* [EXERCISE DETAILS]: Exact copy, no pictures: set down the lines from the one holding "Bed & Sofa Hub" through the final line of the records below.

:: RECORDS

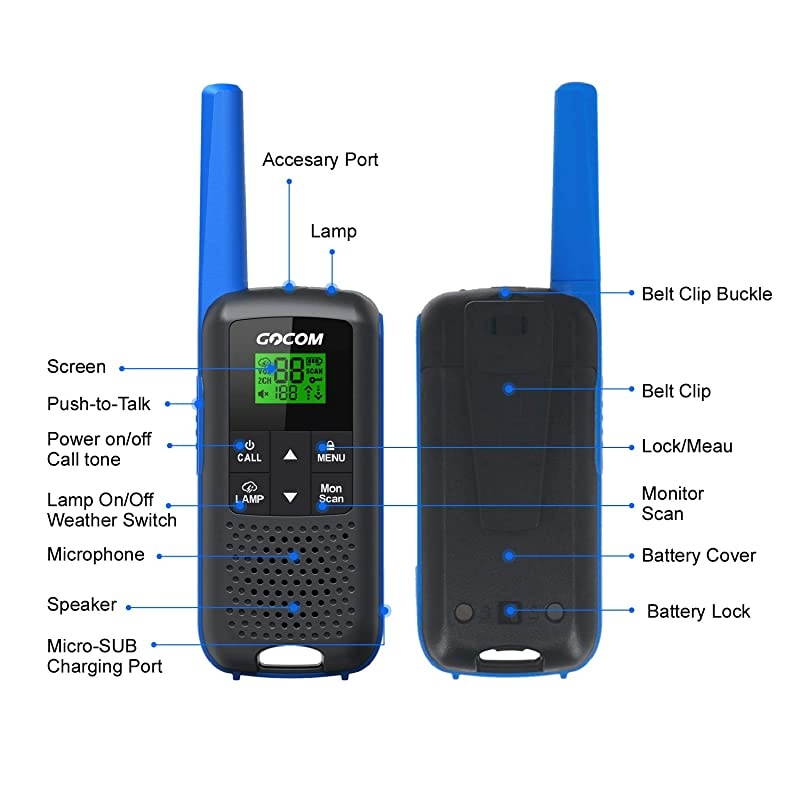 G600 FRS Walkie Talkies for Adults 2W Long Range Two Way Radio Rechargeable, VOX Scan, NOAA & Weather Alerts, LED Lamplight 2 Pack Hand held radios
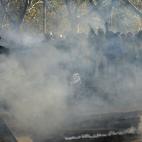Demonstrators throw projectiles to riot policemen during a protest on a day of mobilisation against austerity measures by workers in southern Europe on November 14, 2012 in Rome. Riot police and anti-austerity protesters clashed in Italy on Wedn...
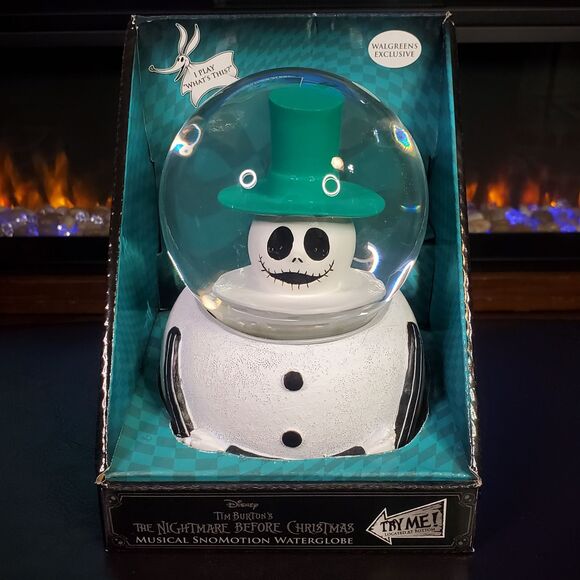 The Nightmare Before Christmas Musical WaterGlobe 7" NBC Snowman Jack Disney New - Picture 1 of 7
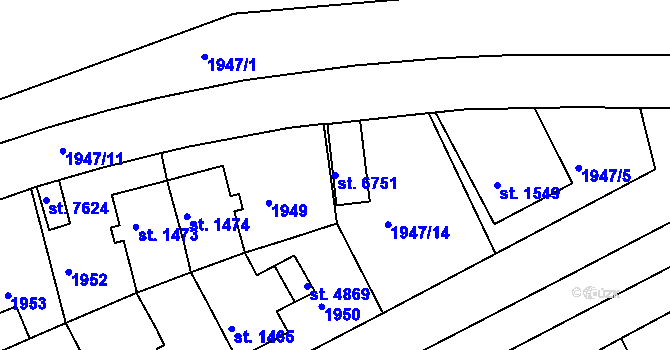 Parcela st. 6751 v KÚ Třebíč, Katastrální mapa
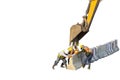 Many workers wear safety suits helped to lift and arrange the cement concrete barriers by excavator In harmony and actively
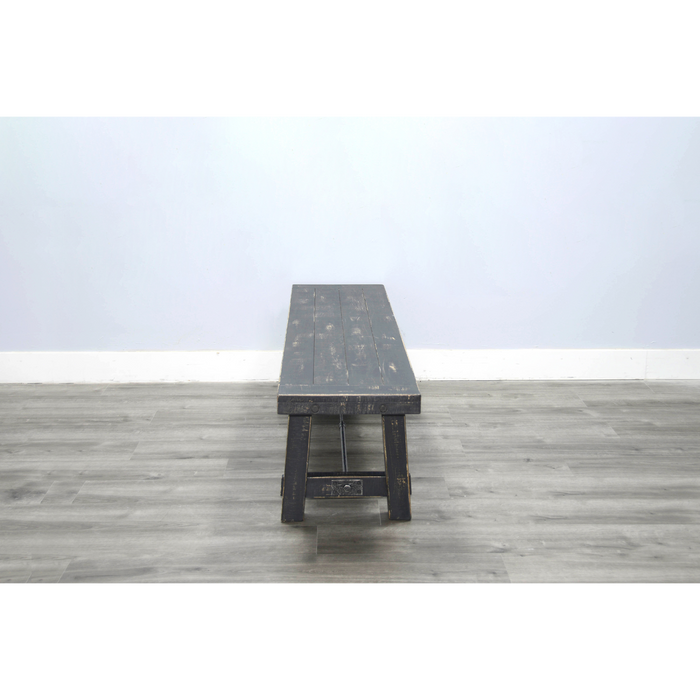 Sunny Designs 64" Black Sand Bench with Turnbuckle, Wood Seat Black Sand - Bed & Sofa Hub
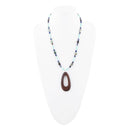 Ajo Blue Abalone and Amazonite Wood Pendant Necklace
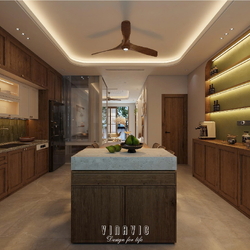 Thiết kế nội thất nhà phố đẹp 4 tầng 5x20m (CĐT Mrs Huyền - Ecopark) NT2358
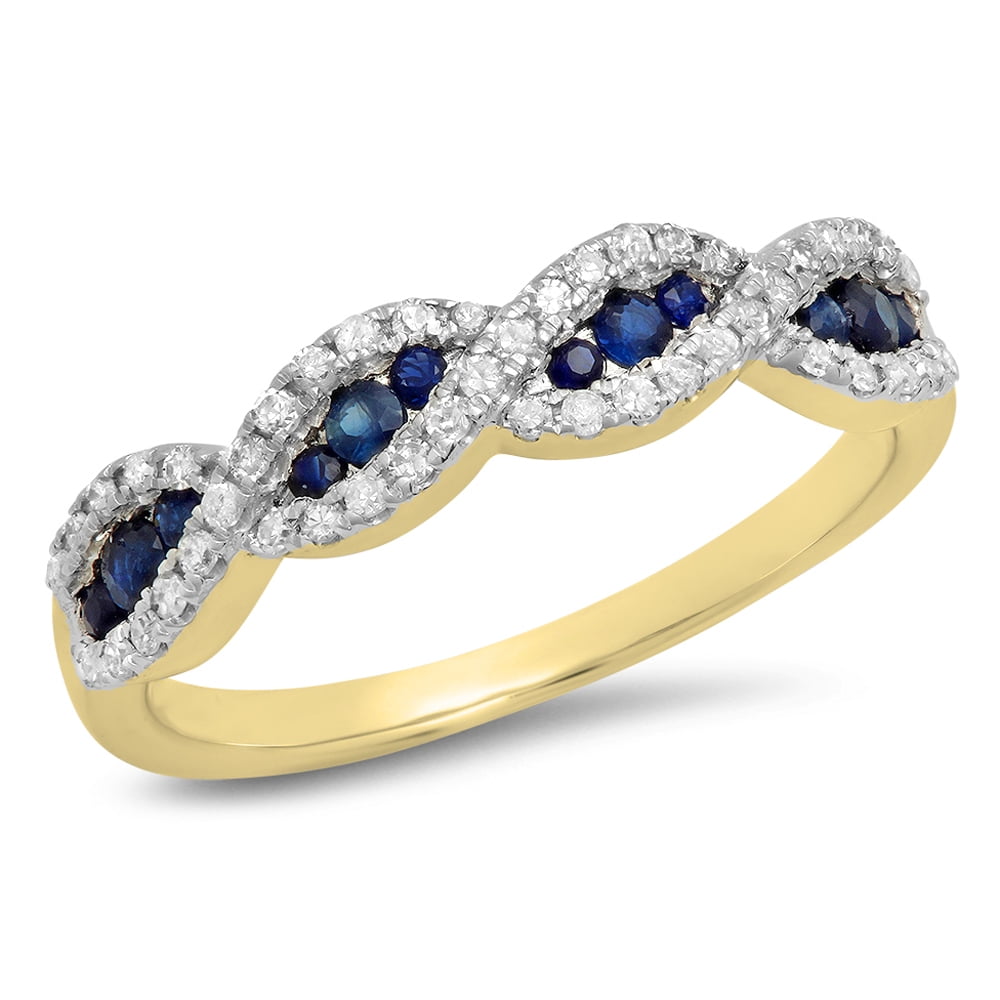 0.20 CT 10K Yellow Gold Round Diamond Ladies Swirl Anniversary Wedding Band Ring 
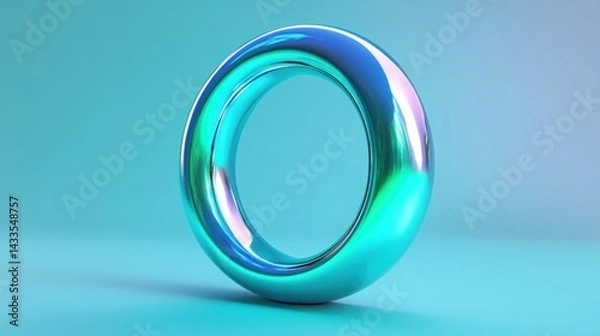Fototapeta A lustrous iridescent torus rests on a cool colored surface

::::

* [PROBLEM SOLUTION]:
 Sunny Designs 64" Black Sand Bench with Turnbuckle, Wood Seat Black Sand - Bed & Sofa Hub
 Ajo Blue Abalone and Amazonite Wood Pendant Necklace
 Thiết kế nội thất nhà phố đẹp 4 tầng 5x20m (CĐT Mrs Huyền - Ecopark) NT2358
 0.20 CT 10K Yellow Gold Round Diamond Ladies Swirl Anniversary Wedding Band Ring 
Fototapeta A lustrous iridescent torus rests on a cool colored surface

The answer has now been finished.